AI evals framework for data & analytics engineering teams.
Project description
evaldata
Test AI-generated SQL before it reaches production.
evaldata runs evals as ordinary pytest tests in your existing CI. It can prove SQL
equivalence without executing queries, fall back to warehouse execution, or use an LLM judge
for ambiguous cases.
Why evaldata
evaldata can often decide SQL equivalence without running the query or calling a grader.
When structure is inconclusive, it falls back to warehouse execution or an LLM judge.
- Semantic equivalence. Confirm two queries have the same meaning by comparing their
structure. No execution, no guessing — when it can't confirm, it returns
unknown. - Execution in your warehouse. Run the query on DuckDB, Postgres, or Databricks and compare the results, accounting for row order, NULLs, float tolerance, and types.
- It's just
pytest. Every eval is a test, run in your suite and your CI on every PR. No new runner, notebook, or dashboard. - An LLM judge when you need one. For ambiguous questions, missing reference answers, or explanations to grade, use a grader model with explicit criteria.
evaldata reproduces dbt's own Semantic Layer benchmark locally on DuckDB — same dataset, questions,
and model — scoring 96.4% with gpt-5.3-codex as pytest tests. See
Reproduce dbt's Semantic Layer benchmark.
Quickstart
uv add evaldata # core, includes the DuckDB adapter
An eval is a pytest test: a case (a question and its expected answer), a solver
(the system under test that writes the SQL), and a scorer (how the answer is judged).
Below, the AI's SQL is written differently from the reference query — reordered predicates,
different casing — but means the same thing. observed_equivalence() proves the match from
the query structure alone; no query runs.
from evaldata import CallableSolver, EvalCase, assert_eval, eval_case, observed_equivalence
from evaldata.platforms import duckdb_platform
platform = duckdb_platform(name="shop", path="shop.duckdb")
@eval_case(
input="Name the US customers with an id above 1.",
expected={"kind": "gold_query", "sql": "SELECT name FROM customers WHERE country = 'US' AND id > 1"},
platform=platform,
)
def test_us_customers(case: EvalCase) -> None:
solver = CallableSolver(lambda c: "select NAME from customers where id > 1 and country = 'US'")
assert_eval(case, solver, scorers=[observed_equivalence()])
uv run pytest
case result detail
──────────────────────────────────
test_us_customers PASS
1 passed, 0 failed
The full runnable version is in
examples/01_deterministic/test_showcase.py.
To test a real model instead of fixed SQL, swap the solver for
PromptSolver(model="openai/gpt-4o-mini") (needs the evaldata[litellm] extra).

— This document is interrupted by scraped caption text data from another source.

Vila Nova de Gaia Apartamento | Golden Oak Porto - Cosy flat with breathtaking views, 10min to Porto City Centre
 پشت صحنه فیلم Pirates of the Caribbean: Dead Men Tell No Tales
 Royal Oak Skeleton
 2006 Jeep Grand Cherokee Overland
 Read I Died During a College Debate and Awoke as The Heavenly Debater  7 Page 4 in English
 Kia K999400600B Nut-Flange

To judge
equivalence without a warehouse, swap the scorer for judged_equivalence(model).
Install
uv add evaldata # core (includes the DuckDB adapter)
uv add "evaldata[postgres]" # + Postgres adapter
uv add "evaldata[databricks]" # + Databricks adapter
uv add "evaldata[litellm]" # + litellm, to call a model as the AI under test
DuckDB, Postgres, and Databricks are the adapters available today. Snowflake and BigQuery are planned.
Documentation
Full documentation: monospaceai.github.io/evaldata
- Getting started — write and run your first eval.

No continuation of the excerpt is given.